# Project: RNN (Recurrent Neural Network) on TensorFlow

In this project, ...
This material is a re-write/repeat of material found in https://www.tensorflow.org/tutorials/sequences/text_generation

## Part 1: Import TensorFlow and Setup

In [3]:
from __future__ import absolute_import, division, print_function
import tensorflow as tf

# TensorFlow's eager execution is an imperative programming environment that evaluates operations immediately, without building graphs: 
# operations return concrete values instead of constructing a computational graph to run later.
tf.enable_eager_execution()
import os
import time
import numpy as np
import matplotlib.pyplot as plt

## Part 2: Load and Inspect the DataSet

In [38]:
# dowenload the Shakespeare dataset to the cache_dir ~/.keras
path_to_file = tf.keras.utils.get_file('shakespeare.txt','https://storage.googleapis.com/download.tensorflow.org/data/shakespeare.txt')
print(path_to_file)

# read the dataset in Binary mode (rb)
text = open(path_to_file, 'rb').read().decode(encoding='utf-8')
print("The length of text is {} characters".format(len(text)))
# see the first 200 charachters 
print(text[:200])

# understand the unique characters in the text
# get unique charachters in the text using set() and sort them in a list
ch =sorted(set(text))
print("There are {} unique charachters".format(len(ch)))
# type(ch)


/Users/Amir/.keras/datasets/shakespeare.txt
The length of text is 1115394 characters
First Citizen:
Before we proceed any further, hear me speak.

All:
Speak, speak.

First Citizen:
You are all resolved rather to die than to famish?

All:
Resolved. resolved.

First Citizen:
First, you
There are 65 unique charachters


list

## Part 3: Vectorize the Dataset

In [46]:
# Vectorize the text by mapping strings to a numerical representation

# using enumerate loop over ch, retrieve both the index and the value of each item, and make a dictionary of it
ch2idx = {u:i for i, u in enumerate(ch)}
print(ch2idx)

# transfrom text to integers
text_as_int = np.array([ch2idx[c] for c in text])
# inspect 
print ('{} mapped to -> {}'.format(repr(text[:13]), text_as_int[:13]))
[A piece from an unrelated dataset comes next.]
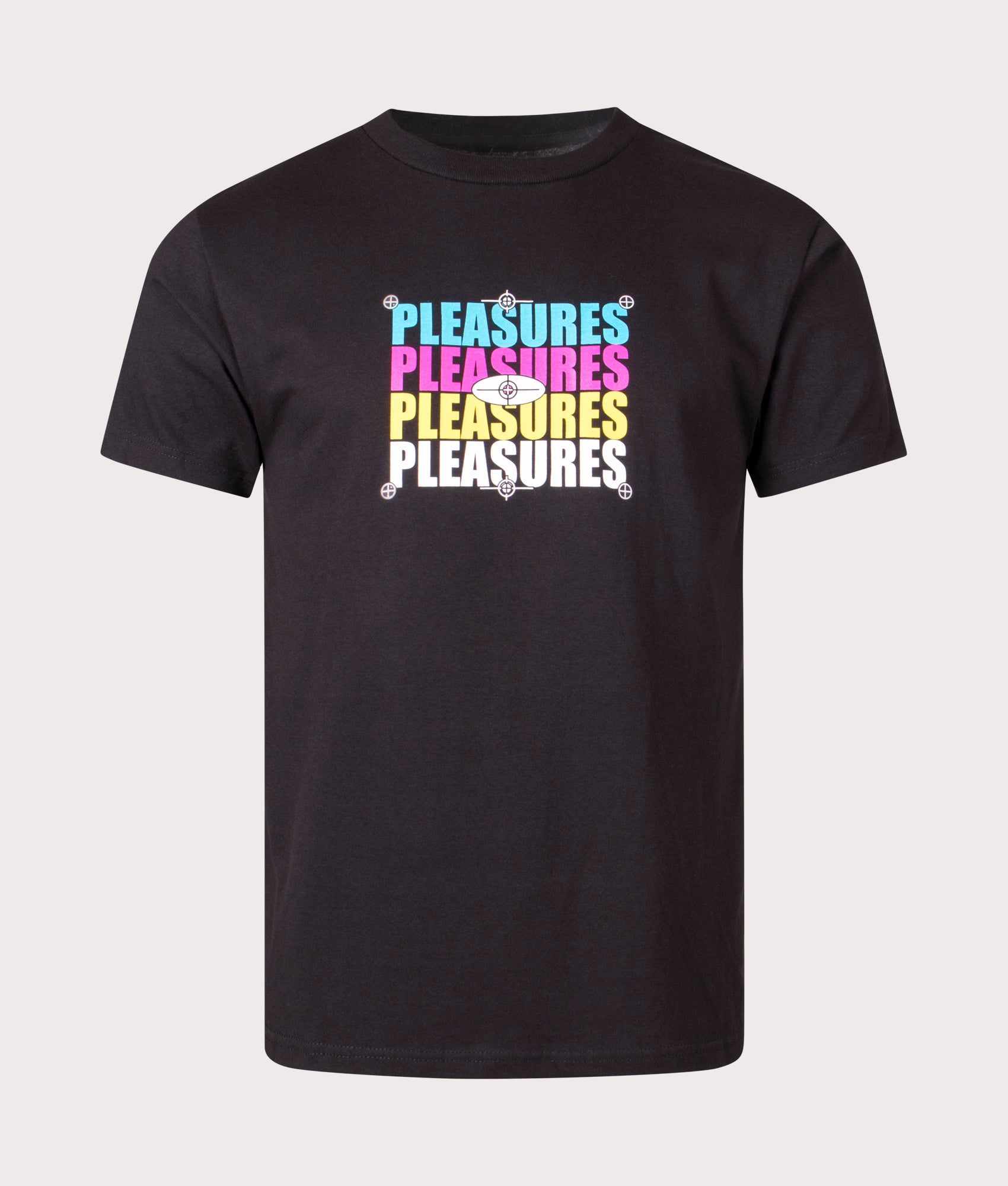 Cmyk T-Shirt in Black by Pleasures. EQVVS Front Angle Shot.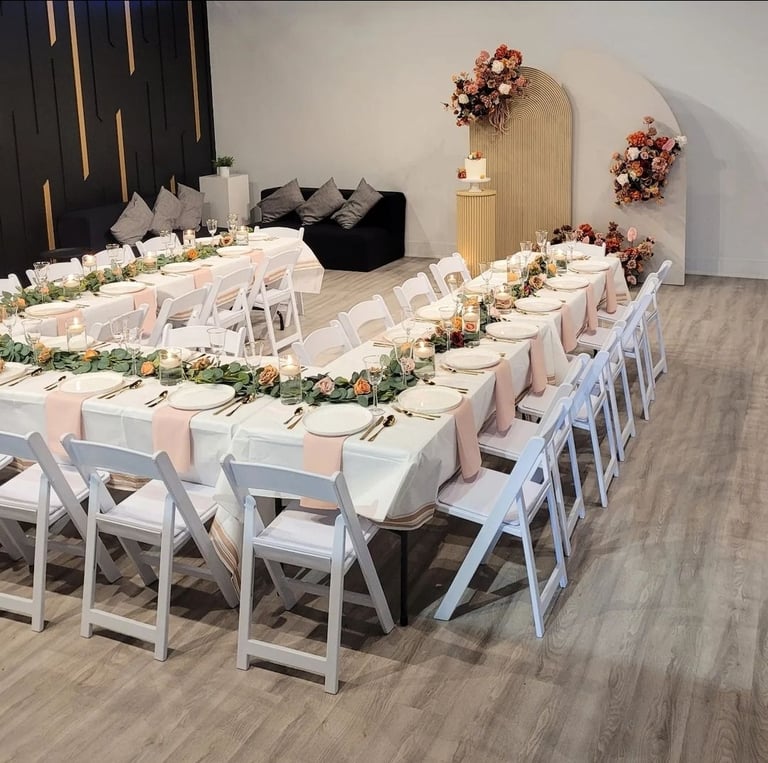 Bridal shower Table setting for 30 guests + floral 2 panel backdrop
{'\n': 0, ' ': 1, '!': 2, '$': 3, '&': 4, "'": 5, ',': 6, '-': 7, '.': 8, '3': 9, ':': 10, ';': 11, '?': 12, 'A': 13, 'B': 14, 'C': 15, 'D': 16, 'E': 17, 'F': 18, 'G': 19, 'H': 20, 'I': 21, 'J': 22, 'K': 23, 'L': 24, 'M': 25, 'N': 26, 'O': 27, 'P': 28, 'Q': 29, 'R': 30, 'S': 31, 'T': 32, 'U': 33, 'V': 34, 'W': 35, 'X': 36, 'Y': 37, 'Z': 38, 'a': 39, 'b': 40, 'c': 41, 'd': 42, 'e': 43, 'f': 44, 'g': 45, 'h': 46, 'i': 47, 'j': 48, 'k': 49, 'l': 50, 'm': 51, 'n': 52, 'o': 53, 'p': 54, 'q': 55, 'r': 56, 's': 57, 't': 58, 'u': 59, 'v': 60, 'w': 61, 'x': 62, 'y': 63, 'z': 64}
'First Citizen' mapped to -> [18 47 56 57 58  1 15 47 58 47 64 43 52]


## Part 3: Create Training Dataset

In [98]:
# use tf to split data into manageable sequences 
char_dataset = tf.data.Dataset.from_tensor_slices(text_as_int)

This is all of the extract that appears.